Esse “tudo” vai nos dando dicas. As histórias são contadas de dia (relevantes ou não?), sempre com o pragmatismo, sem nenhum julgamento de porquês, ora com um toque mais melodramático (dependendo da impostação de quem conta). Sim, Almodóvar é um exímio contador de histórias. Sabe conduzir como ninguém as inflexões, pausas e timing para não perder a atenção do público. Para isso acontecer, “O Quarto ao Lado” traz duas atrizes de precisão interpretativa absoluta: Tilda Swinton e Julianne Moore. Dois lados. Uma na “ação”. A outra na função de “assistir”. Essa narrativa teatraliza mais e mais as conjecturas do intelecto, como razão, propósito e missão dessa vida, ainda que tenha “ficção numa reportagem de guerra”. E mais e mais, o longa cria seus simbolismos: lugares em conflitos, a “casa da morte”, “amantes compartilhados”, a existência que precisa ser sofrida até o final e nunca interrompida.
Almodóvar sabe que quando se tira a emoção, é o conteúdo que fica. E quando se verbaliza o querer a ações (os procedimentos médicos técnicos e receituários) mais polêmicas que fogem do padrão da sociedade religiosa, a tendência é deixar a morte mais técnica, mais fisiológica, mais de ideia de morte mesmo. Fica a permissão da angústia. Fica James Joyce em “Os Mortos”. Fica Virginia Woolf. Esse “morte acompanhada” é também um paradoxo, por transferir ao outro a passiva responsabilidade-culpa do “deixar ir”. Ao retirar o peso do sentido da morte, liberta-se do medo do depois. Do “se”. Planejar, manter a sanidade enquanto pode e viver os últimos momentos em um lugar mais confortável. Nada disso teria problema se nós não fossemos adestrados pela sociedade que vê pecado e covardia nesse ato. “Cada um tem um jeito de lutar”, diz-se.
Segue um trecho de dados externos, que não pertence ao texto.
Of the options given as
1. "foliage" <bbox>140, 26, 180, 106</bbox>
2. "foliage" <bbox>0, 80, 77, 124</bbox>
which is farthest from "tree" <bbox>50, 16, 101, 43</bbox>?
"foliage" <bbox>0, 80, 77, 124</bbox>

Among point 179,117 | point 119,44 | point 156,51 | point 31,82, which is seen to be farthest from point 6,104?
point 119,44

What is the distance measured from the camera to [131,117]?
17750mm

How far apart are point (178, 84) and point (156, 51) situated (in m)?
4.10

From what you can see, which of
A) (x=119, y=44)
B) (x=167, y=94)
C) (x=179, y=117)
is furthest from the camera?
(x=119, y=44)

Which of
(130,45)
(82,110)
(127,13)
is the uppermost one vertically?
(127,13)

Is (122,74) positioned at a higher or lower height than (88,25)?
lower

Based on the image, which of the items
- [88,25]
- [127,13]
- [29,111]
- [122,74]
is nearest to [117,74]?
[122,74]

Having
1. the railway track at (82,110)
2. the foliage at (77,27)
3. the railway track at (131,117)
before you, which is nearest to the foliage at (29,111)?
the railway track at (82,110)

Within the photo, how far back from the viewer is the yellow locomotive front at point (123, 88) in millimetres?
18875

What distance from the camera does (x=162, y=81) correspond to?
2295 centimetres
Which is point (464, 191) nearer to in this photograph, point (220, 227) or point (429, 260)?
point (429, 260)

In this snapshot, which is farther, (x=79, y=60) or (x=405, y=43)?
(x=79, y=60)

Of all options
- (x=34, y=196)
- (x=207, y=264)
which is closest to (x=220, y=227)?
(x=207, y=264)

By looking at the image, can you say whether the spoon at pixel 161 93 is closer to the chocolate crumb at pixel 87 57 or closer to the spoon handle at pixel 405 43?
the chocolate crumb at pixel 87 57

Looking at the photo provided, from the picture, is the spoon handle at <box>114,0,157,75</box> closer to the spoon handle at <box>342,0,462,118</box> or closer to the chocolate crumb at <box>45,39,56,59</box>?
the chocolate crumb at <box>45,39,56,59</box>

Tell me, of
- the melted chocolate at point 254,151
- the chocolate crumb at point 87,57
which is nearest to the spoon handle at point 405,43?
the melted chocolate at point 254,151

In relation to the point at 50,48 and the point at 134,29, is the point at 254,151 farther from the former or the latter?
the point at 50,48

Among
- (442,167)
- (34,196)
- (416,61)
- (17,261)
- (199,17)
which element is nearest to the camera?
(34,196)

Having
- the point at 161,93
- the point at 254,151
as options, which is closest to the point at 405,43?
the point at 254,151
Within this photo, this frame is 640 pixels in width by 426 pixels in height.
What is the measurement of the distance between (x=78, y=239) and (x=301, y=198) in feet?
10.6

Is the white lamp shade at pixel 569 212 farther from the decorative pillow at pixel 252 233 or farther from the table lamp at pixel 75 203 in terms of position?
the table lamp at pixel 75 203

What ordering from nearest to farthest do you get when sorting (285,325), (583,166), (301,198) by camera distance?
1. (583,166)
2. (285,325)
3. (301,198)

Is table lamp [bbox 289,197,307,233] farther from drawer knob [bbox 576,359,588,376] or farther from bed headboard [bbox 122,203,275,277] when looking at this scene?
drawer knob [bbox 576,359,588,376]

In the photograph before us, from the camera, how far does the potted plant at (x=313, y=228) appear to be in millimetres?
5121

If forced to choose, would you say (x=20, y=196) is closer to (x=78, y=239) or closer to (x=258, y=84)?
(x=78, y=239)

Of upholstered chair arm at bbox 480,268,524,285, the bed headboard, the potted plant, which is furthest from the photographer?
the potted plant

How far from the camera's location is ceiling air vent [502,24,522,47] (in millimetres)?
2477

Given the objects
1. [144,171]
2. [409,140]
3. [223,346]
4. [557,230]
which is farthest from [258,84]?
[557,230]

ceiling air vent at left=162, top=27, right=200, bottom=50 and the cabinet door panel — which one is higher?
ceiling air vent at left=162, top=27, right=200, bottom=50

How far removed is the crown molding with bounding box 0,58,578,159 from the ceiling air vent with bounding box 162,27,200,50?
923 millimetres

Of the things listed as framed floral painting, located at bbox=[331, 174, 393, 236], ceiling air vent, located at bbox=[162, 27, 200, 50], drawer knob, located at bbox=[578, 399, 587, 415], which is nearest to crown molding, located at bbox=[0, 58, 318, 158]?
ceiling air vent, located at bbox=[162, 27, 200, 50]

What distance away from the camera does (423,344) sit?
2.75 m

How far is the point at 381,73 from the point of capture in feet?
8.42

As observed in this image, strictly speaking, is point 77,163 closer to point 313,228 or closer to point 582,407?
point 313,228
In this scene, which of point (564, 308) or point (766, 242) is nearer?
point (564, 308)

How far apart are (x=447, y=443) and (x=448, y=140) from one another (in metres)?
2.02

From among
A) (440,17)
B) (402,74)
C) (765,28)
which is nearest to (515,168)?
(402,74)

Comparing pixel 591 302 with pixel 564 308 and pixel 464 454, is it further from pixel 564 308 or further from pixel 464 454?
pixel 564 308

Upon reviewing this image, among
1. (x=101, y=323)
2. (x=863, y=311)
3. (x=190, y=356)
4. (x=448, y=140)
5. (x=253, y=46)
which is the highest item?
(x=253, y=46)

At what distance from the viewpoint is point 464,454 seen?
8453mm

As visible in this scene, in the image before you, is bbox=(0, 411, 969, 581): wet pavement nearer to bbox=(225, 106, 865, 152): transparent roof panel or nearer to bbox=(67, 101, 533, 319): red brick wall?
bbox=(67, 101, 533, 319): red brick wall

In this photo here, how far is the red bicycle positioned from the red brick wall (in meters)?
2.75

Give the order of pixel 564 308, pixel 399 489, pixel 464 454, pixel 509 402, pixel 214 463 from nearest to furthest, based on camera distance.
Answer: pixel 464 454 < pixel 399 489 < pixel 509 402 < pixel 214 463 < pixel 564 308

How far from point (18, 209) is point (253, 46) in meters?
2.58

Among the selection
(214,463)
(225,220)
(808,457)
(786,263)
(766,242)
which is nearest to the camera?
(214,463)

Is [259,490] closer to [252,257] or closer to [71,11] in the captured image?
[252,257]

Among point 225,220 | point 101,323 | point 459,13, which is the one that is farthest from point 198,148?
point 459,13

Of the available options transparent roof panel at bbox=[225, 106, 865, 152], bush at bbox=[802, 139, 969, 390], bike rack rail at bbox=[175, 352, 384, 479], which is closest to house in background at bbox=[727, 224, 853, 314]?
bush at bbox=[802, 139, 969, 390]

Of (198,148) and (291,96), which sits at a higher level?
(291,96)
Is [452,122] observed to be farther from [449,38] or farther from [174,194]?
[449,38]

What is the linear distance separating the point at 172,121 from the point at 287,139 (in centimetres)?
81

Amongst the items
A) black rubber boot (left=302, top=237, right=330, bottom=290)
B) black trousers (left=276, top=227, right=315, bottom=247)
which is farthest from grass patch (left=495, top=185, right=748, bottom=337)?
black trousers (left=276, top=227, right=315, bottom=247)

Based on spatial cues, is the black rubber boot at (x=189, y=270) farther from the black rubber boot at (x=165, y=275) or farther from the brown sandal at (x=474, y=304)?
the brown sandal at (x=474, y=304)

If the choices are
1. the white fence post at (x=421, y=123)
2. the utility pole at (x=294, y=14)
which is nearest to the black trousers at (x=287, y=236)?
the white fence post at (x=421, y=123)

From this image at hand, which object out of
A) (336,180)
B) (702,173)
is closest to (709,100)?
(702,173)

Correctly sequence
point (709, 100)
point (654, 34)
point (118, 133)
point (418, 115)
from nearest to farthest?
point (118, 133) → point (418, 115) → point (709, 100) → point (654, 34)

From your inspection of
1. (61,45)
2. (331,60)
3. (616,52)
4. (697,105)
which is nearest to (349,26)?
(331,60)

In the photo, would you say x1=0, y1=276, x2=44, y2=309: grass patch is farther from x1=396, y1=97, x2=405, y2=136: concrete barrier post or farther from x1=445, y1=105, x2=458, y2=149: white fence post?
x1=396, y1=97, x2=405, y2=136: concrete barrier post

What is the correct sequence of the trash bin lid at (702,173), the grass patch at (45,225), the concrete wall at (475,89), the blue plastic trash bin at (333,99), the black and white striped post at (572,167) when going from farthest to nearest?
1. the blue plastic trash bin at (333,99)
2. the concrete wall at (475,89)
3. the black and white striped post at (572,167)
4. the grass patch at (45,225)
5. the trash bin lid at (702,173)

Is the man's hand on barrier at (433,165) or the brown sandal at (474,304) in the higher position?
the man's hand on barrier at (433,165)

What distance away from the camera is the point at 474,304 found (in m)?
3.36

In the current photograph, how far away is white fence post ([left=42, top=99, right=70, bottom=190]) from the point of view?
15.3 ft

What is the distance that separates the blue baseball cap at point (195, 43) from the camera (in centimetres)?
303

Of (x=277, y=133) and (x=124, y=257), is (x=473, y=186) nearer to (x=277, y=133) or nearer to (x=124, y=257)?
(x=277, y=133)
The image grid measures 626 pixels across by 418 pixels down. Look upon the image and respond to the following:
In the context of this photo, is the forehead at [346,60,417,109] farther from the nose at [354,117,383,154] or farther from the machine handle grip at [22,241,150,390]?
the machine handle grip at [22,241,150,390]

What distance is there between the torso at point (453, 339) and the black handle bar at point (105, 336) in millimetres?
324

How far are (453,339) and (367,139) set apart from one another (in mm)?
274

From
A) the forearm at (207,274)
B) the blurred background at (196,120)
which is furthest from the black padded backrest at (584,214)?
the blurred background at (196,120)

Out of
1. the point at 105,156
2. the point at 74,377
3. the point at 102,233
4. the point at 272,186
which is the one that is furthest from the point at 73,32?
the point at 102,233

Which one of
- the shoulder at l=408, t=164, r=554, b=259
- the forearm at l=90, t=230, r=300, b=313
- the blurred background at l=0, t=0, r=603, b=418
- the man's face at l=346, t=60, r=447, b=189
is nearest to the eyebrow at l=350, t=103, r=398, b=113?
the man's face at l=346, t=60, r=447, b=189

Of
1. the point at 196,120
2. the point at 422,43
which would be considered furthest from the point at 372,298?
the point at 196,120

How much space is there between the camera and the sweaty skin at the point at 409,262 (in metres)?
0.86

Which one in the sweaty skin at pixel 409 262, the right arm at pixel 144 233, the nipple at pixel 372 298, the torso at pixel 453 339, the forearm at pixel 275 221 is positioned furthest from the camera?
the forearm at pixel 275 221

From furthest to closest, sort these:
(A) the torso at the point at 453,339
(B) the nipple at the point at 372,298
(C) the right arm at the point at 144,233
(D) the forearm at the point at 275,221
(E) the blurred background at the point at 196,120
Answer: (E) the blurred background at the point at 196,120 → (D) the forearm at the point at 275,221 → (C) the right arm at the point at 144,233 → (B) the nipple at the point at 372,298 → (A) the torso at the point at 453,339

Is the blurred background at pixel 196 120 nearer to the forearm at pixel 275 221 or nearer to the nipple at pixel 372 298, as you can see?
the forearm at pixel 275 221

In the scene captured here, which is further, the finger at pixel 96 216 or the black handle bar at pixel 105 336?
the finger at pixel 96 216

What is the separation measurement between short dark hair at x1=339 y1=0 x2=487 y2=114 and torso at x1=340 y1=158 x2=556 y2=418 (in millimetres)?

“O Quarto ao Lado” mantém uma sensação anunciada de iminência do fim. O sexo aqui é com senso de urgência. Soa burocrático. O advogado está para proteger quem fica após o ato do ir. E inevitavelmente, esta que não vai apela aos mais básicos moralismos. Sim, é humano. É real. Até segurar “a pílula da morte” (e romantizá-la). É, nós somos imersos em conflitos internos de nossas próprias crenças. Será que são concretas e embasadas ou simplesmente “copiadas” dos outros? O que fica? Buster Keaton. William Faulkner e a certeza de que “o encantamento não existe”. “O Quarto ao Lado” é sútil, calmo, adulto e sóbrio ao nos colocar para esperar, mesmo quando discursa de forma mais inflamável a política de um mundo resignado, da extrema direita, das mudanças climáticas. “O Quarto ao Lado” é um estudo de caso de uma existência humana quando decide encerrar seu ciclo. Sem interferências e seguindo o fluxo de controle que cada um possui sobre sua vida. Que poder o outro tem sobre nosso corpo? “O Quarto ao Lado” é assim: artilharia pesada para separar a morte da idealização eterna da vida.